In the event that the amount of dividends payable with respect to any outstanding shares of beneficial interest of the Fund with preference rights (“Preferred Shares”) during any period for which regular payments of dividends or other distributions on such Preferred Shares are payable (each, a “Dividend Period”) plus expenses attributable to such Preferred Shares for such Dividend Period exceeds the portion of the Fund's net income and net short-term capital gains (but not long-term capital gains) accruing during such Dividend Period as a result of the fact that such Preferred Shares were outstanding during such Period, then the fee payable to Xxxxxx
pursuant to this Section 3 shall be reduced by the amount of such excess; provided, however, that the amount of such reduction for any such Period shall not exceed the amount determined by multiplying (i) the aggregate liquidation preference of the average number of Preferred Shares outstanding during the Period, by (ii) the percentage of the aggregate net asset value of the Fund which the fee payable to Xxxxxx during such Period pursuant to this Section 3 would constitute without giving effect to such reduction. The amount of such reduction attributable to any Dividend Period shall reduce the amount of the next quarterly payment of the fee payable pursuant to this Section 5 following the end of such Dividend Period, and of any subsequent quarterly or more frequent payments, as may be necessary. The expenses attributable to the Preferred Shares and the portion of the Fund's net income and net short-term capital gains accruing during any Dividend Period as a result of the fact that Preferred Shares were outstanding during such Period shall be determined by the Trustees of the Fund.

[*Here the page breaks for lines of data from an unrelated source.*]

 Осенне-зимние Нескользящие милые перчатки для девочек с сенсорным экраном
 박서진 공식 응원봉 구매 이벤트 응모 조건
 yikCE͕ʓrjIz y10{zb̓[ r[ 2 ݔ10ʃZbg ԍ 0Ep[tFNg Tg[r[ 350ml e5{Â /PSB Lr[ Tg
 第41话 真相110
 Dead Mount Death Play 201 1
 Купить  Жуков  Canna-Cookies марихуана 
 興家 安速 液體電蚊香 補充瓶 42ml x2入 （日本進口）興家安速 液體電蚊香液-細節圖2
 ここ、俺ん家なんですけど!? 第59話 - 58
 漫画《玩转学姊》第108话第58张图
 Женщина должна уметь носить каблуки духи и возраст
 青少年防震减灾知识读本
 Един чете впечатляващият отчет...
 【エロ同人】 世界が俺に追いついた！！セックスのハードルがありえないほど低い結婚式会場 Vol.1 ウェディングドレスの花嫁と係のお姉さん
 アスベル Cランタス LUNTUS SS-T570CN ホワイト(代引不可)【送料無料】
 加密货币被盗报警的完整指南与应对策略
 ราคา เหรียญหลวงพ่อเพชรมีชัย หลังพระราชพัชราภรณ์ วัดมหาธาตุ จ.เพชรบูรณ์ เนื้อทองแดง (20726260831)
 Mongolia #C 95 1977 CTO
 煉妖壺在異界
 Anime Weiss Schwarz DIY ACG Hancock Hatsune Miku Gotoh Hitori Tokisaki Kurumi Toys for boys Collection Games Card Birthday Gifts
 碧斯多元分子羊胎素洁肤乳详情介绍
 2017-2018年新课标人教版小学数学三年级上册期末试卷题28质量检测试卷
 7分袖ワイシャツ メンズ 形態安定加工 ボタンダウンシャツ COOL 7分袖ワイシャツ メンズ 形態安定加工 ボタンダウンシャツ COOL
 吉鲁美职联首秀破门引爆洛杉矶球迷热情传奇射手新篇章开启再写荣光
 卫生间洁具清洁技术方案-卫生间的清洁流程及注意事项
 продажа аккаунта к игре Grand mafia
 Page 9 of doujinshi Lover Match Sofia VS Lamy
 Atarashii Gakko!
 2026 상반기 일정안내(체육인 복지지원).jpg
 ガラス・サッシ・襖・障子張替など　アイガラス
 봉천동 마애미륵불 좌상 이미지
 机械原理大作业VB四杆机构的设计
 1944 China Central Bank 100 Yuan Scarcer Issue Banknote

If the Manager shall serve for less than the whole of a quarter, the foregoing compensation shall be prorated.
4. ASSIGNMENT TERMINATES THIS CONTRACT; AMENDMENTS OF THIS
CONTRACT.
This Contract shall automatically terminate, without the payment of any penalty, in the event of its assignment; and this Contract shall not be amended unless such amendment be approved at a meeting by the affirmative vote of a majority of the outstanding shares of the Fund, and by the vote, cast in person at a meeting called for the purpose of voting on such approval, of a majority of the Trustees of the Fund who are not interested persons of the Fund or of the Manager.
5. EFFECTIVE PERIOD AND TERMINATION OF THIS CONTRACT.
This Contract shall become effective upon its execution, and shall remain in full force and effect continuously thereafter (unless terminated automatically as set forth in Section 4) until terminated as follows:
(a) Either party hereto may at any time terminate this Contract by not more than sixty days' nor less than thirty days' written notice delivered or mailed by registered mail, postage prepaid, to the other party, or
(b) If (i) the Trustees of the Fund or the shareholders by the affirmative vote of a majority of the outstanding shares of the Fund, and (ii) a majority of the Trustees of the Fund who are not interested persons of the Fund or of the Manager, by vote cast in person at a meeting called for the purpose of voting on such approval, do not specifically approve at least annually the continuance of this Contract, then this Contract shall automatically terminate at the close of business on the second anniversary of its execution, or upon the expiration of one year from the effective date of the last such continuance, whichever is later.
Action by the Fund under (a) above may be taken either (i) by vote of a majority of its Trustees, or (ii) by the affirmative vote of a majority of the outstanding shares of the Fund.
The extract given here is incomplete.